1. Brendan Fernandes at the Southern Alberta Art Gallery
I attended “Still Move” on opening night. Three partial walls, each partially coated in a different swatch of flesh-toned paint, stood near the centre of the gallery. Dozens of acupressure balls, painted in a similar palette, were arranged seemingly at random on the gallery floor. Local dancers moved freely among the clusters of attendees, periodically picking up a ball and walking towards one of the gallery walls. Using the wall as a counterweight, they slowly ground the ball into a group of muscles, be it their shoulder, leg or lower back. At a certain point, they stopped, put down the ball and repeated the gesture anew. This was not dance in a sense I was accustomed to, although each movement looked utterly controlled. This was a performance of tension, and of its release.
The relationships between contemporary art and dance have received increased attention, but in “Still Move” Fernandes harnesses the dancers’ gestures to question the complex hierarchies at work within the dance world itself. In an interview with Art Metropole, Fernandes describes how, historically, few people of colour have been promoted to positions of “principal dancer” in ballet companies, relating their stringent top-down hierarchies . “At times, corps de ballet dancers [a group of dancers who are not soloists] will stand still for lengthy periods on stage. In contrast, principal dancers have the “privilege” to move the most; to dance solos and to jump freely,” says Fernandes. “Freedom is negotiated within the space of being able to move. Thinking of these spaces in relationship to labour, a corps dancer in stillness might be interpreted as being idle, but, in fact, they are still active, still moving and still labouring.”

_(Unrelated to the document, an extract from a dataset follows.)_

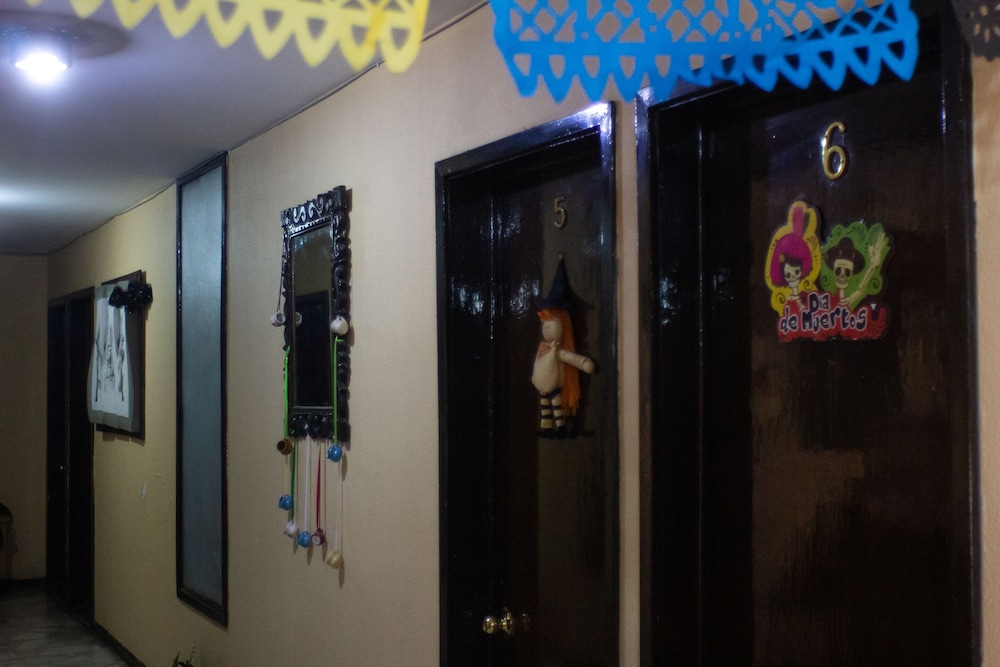 OYO Hotel Colon, Plaza Bicentenario, Zacatecas Centro 24/48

“Still Move” validates the labour of the corps de ballet dancer. Through their slow, subtle movements, the dancers enacted a paradoxical relation to the institution’s walls, using them variably as a tool to release tension, while also applying pressure with literal force. The traces of this force became the documentation of the performance, as the flesh-toned paint from the acupressure balls adhered to the walls under pressure. Through this turn, the economy of the dancers’ gesture became the very source of its power.
2. Hannah Doerksen’s And We Have No Place To Leave And Nowhere To Come To in the 2015 Alberta Biennial of Contemporary Art, Art Gallery of Alberta
Scholar Jennifer Doyle begins her preface to Hold It Against Me: Difficulty and Emotion in Contemporary Art with a reading of Linda Montano’s 1978 video, Mitchell’s Death. Her face pocked with acupuncture needles, Montano recounts in a chant-like voice the experience of her ex-husband’s death, from the moment of learning about the gunshot wound to attending his funeral in Kansas. “Mitchell’s Death bodies forth the otherworldly texture of intense grief—that feeling of being removed from the world of the living, of feeling like a ghost, of being numb with it, of being lulled by the sound of grief’s rhythms,” writes Doyle.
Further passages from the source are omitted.